02/06/12

Otto

Quando ho preso la maturità, credevo fosse la fine di un incubo. Guardavo all'università come al paradiso perduto, ero convinto che finalmente avrei trovato un ambiente intellettualmente vivo, compagni di studi con cui condividere interessi e idee, professori che mi avrebbero insegnato tanto e bene, che avrei imparato e conosciuto e fatto esperienze.

Mai, mai avrei pensato di potermi sbagliare così tanto. Col senno di poi mi sembra naturale. All'università ci sono quelli che vengono dal liceo e quelli che formano gli insegnanti del liceo; non potevo pensare che l'ambiente sarebbe stato molto diverso.

L'impatto dei miei sogni con la realtà è stato troppo forte. La delusione di essere bloccato ancora una volta in un ambiente asfittico, sterile, senza spunti di interesse si sommò al fatto che non esisteva più quella rete sociale nella quale bene o male ero coinvolto alle superiori. Mi sono ritrovato solo e questa volta per davvero. Solo senza nessuno.

E a quel punto qualcosa si è rotto. Le crepe c'erano già da un po', ma il crollo è avvenuto allora. Con l'università è cominciato il periodo più buio della mia vita e sono scivolato nell'oscurità più densa. Non ricordo nemmeno molto di quel periodo, perché non credo di aver fatto niente a parte studiare, dare esami, mangiare e piangere (oh sì, ed evitare di farmi scoprire che mangiavo e piangevo, ma è sorprendente quanto sia facile nascondere queste due cose a chi ti sta intorno).

Ora, qualcuno potrebbe pensare - anzi pensa all'indicativo, perché lo fanno tutti - che io fossi da solo perché evitavo la gente, e che stessi male perché mi autocommiseravo. No.

È questo che mi faceva impazzire: cercavo, avevo bisogno di qualcuno, ma riuscivo a tenere tutti lontani e non sapevo nemmeno come. E non piangevo perché mi autocommiseravo, ma perché sentivo un dolore così assurdo e intenso che non saprei nemmeno spiegarlo. Era come sentire ogni minuto della tua vita che scorre attraverso il corpo e ti fa male, tanto tanto tanto male. Ed in più non capivo perché, non me lo spiegavo. Non è come il dolore che un lutto provoca, o come quando ti lascia la ragazza: quelli sono dolori veri, hanno una causa e in qualche modo riesci a spiegarli e a sistemarli nell'ordine generale delle cose e a superarli. 

È quando senti questo dolore senza senso che cominci a non starci più molto con la testa.
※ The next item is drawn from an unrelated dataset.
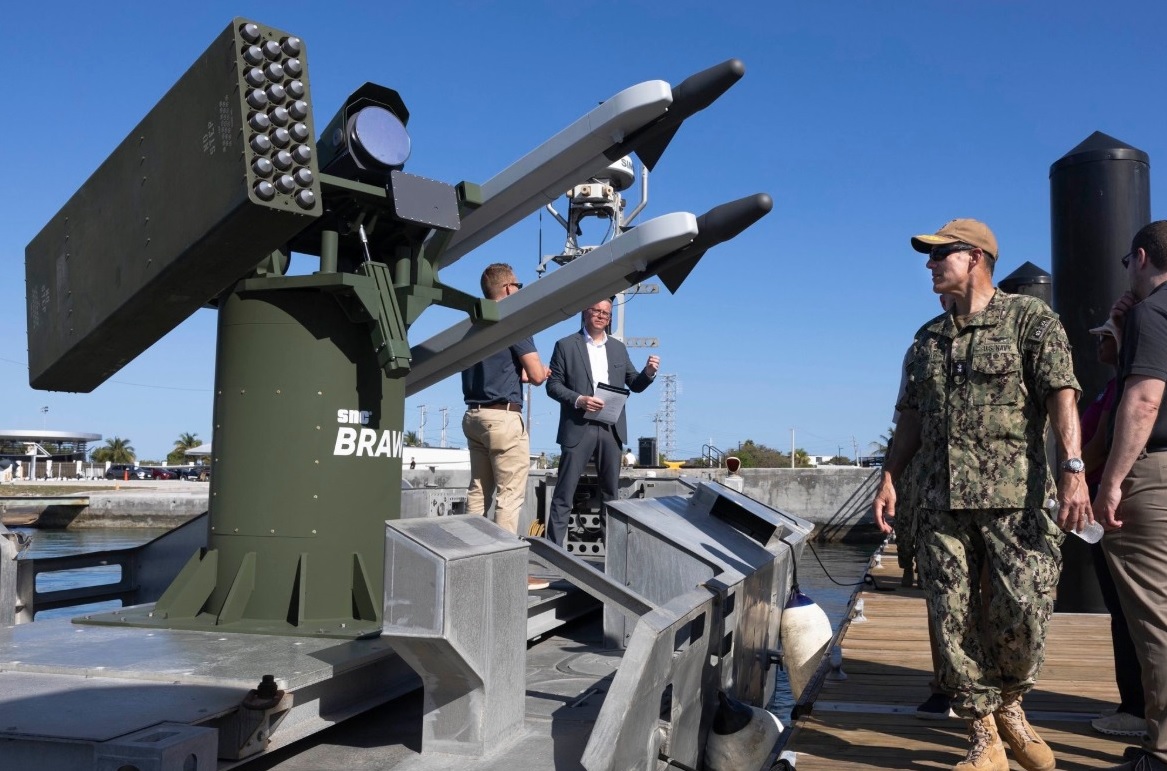 Sierra Nevada Demonstrates 360° Counter-Drone BRAWLR Air Defense System During FLEX 2026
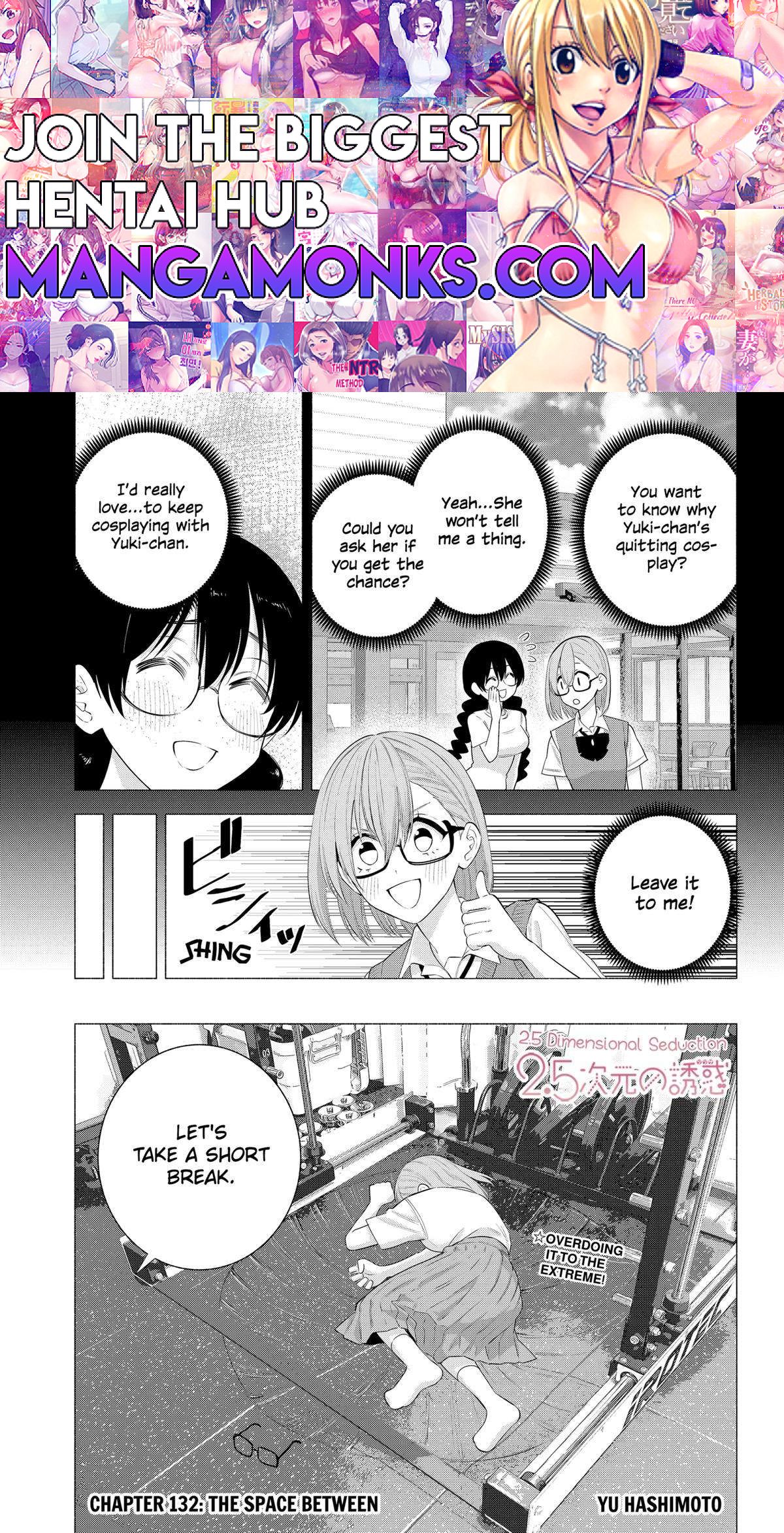 2.5 Dimensional Seduction chapter 132 page 1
Lo vorresti mandare via, ma non sai neanche indicare dove sia. Non puoi dire "mi fa male la gamba" e non puoi neanche dire "sono così affranto perché è morta una persona cara". E se non lo sai dire e provi a spiegare a qualcuno che stai male, nessuno ti capisce. 

Sto male.
Cos'hai?
Non lo so.
Dove ti fa male?
Non lo so.
Cosa ti senti?
Male. Tanto male.
Ma qui?
No.
Qui?
No.
È successo qualcosa?
No.
E allora non hai niente.
Ma... ma... sto male... tanto...
Ma non hai niente.

E smetti di chiedere aiuto, perché pensi che magari col dolore ci puoi convivere, ma diventare matto no, non te lo puoi permettere. Non parlarne più, nasconditi, e se proprio senti che non ce la fai, vai in cucina. Poi vai in camera e masturbati. Poi dormi, che quando dormi non senti niente.

Dormire, dormire aiuta, quando dormi non senti, non è come una ferita aperta che non ti lascia dormire perché fa male anche quando dormi. Quando dormi non ci sei e non fa male, e se non fa male per qualche ora recuperi le forze per tirare avanti un giorno ancora, fino alla prossima notte. Dormi, un giorno ancora, un giorno in più ce la puoi fare, un'ora alla volta, sessanta lentissimi minuti che non passano mai.

Ho sentito dire che quando ti viene il mal di denti è così insopportabile che faresti qualsiasi cosa e cominci a pensare a strappartelo da solo quel dente, perché quello che conta è che passi il dolore, a qualunque costo.

Quando è la tua stessa esistenza che ti fa soffrire fino alle lacrime... sì, ci arrivi a quel punto. Non importa più niente, conta che il dolore passi, e di sicuro se ti togli la vita passa.

Quel dente non me lo sono mai strappato, ma ho aspettato tanto che un qualche evento me lo portasse via.